SOA Architekti retains parts of the original floor plan while reorganizing the space around a clear operational strategy. Food preparation divides into two connected zones. Fresh ingredients and primary cooking remain hidden within the back-of-house kitchen, while the final assembly of every dish takes place at the front counter in full view of guests. The arrangement creates transparency between kitchen and customer while supporting an efficient workflow during busy service periods.
Rather than treating the serving counter as a simple point of transaction, the architects turn it into the restaurant’s focal element. Visitors witness the final stages of meal preparation before collecting their order, creating a direct relationship between food production and dining. The process introduces movement into the interior and reinforces the project’s emphasis on freshness and craftsmanship.

The visual identity emerged through close collaboration between the architects, the clients, and the graphic designer.
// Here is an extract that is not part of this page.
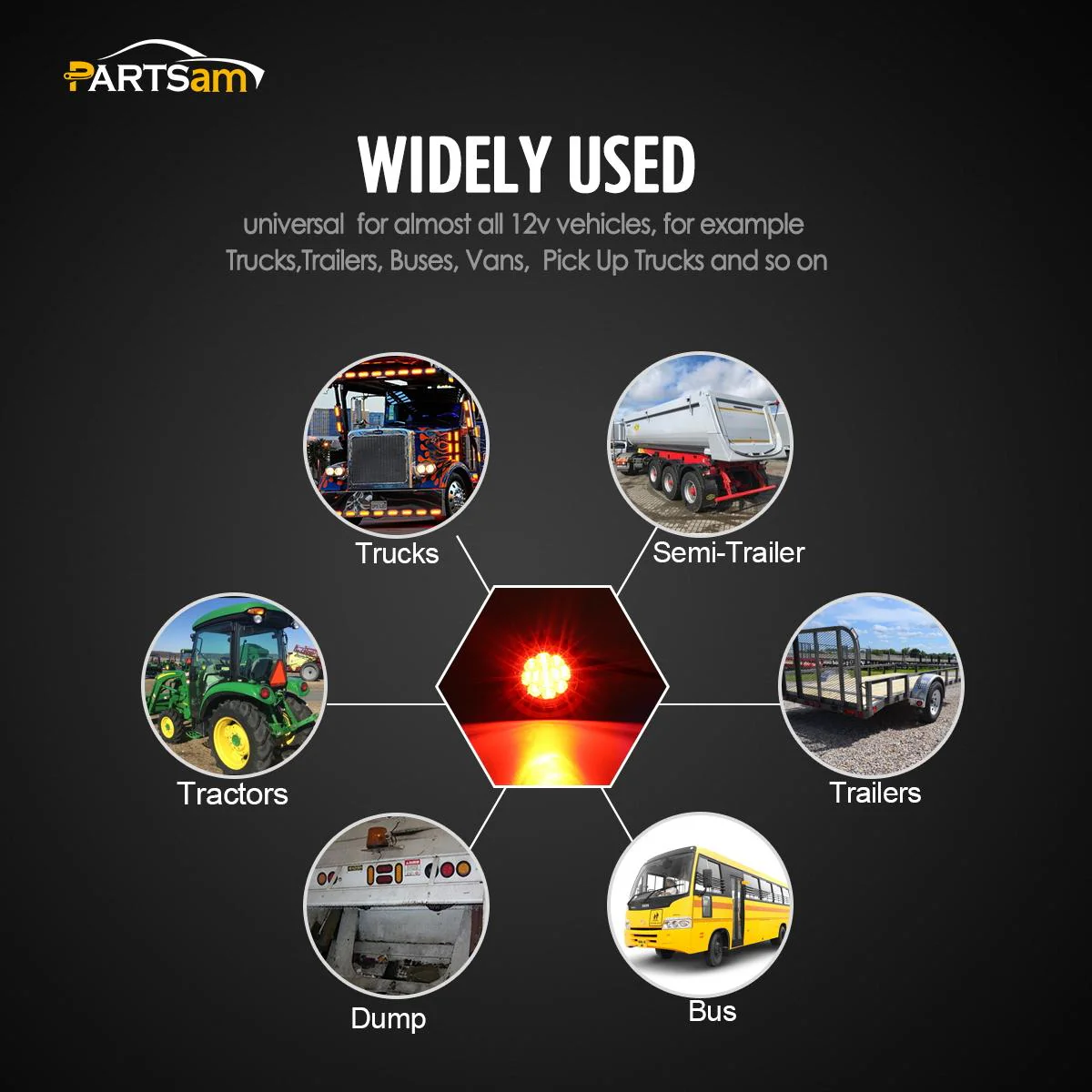 Partsam 10Pcs 2.5" Round Red Led Clearance and side Marker Lights Kit 13 Diodes with Light Grommet and Wire Pigtail Truck Trailer Rv Flush Mount Waterproof 12V Sealed, 2.5 Round Led Marker Lights - Image 8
Instead of separating branding from architecture, the project integrates both into a single spatial language. A flowing wave inspired by the Korean flag appears throughout the restaurant, connecting exterior signage, the serving counter, and graphic applications across the walls. The motif provides continuity without becoming overly literal, introducing rhythm that guides visitors naturally through the compact interior.
Color plays an equally important role. Blue establishes the restaurant’s primary visual framework, appearing on tables, banquette seating, wall finishes, and lighting details. White tiled surfaces introduce familiarity, while vivid red grout transforms a conventional material into an expressive graphic element. Above the serving counter, an orange mesh ceiling installation adds texture and depth while defining the preparation area. Together, the three colors create an energetic atmosphere that recalls the visual intensity of Seoul without relying on decorative imitation.

Material choices remain straightforward and durable. Concrete, tile, painted surfaces, and metal mesh reflect the demands of a high-traffic restaurant while supporting the project’s industrial character. The restrained palette allows color and graphics to carry much of the visual expression, avoiding unnecessary ornament.
The seating strategy supports different ways of using the restaurant. Window seating accommodates quick meals and people watching, a communal concrete table encourages shared dining, while additional seating offers greater flexibility for longer visits. Customers also have the option to take their meals away, reinforcing the restaurant’s identity as a fast yet carefully prepared dining destination.

The Kimchi succeeds because it refuses to separate architecture, branding, and operation into independent layers. SOA Architekti treats each element as part of a single system where circulation, food preparation, graphic identity, and spatial experience support one another. The result feels direct and confident, translating the immediacy of Korean street food into an architectural language that remains clear, functional, and unmistakably contemporary.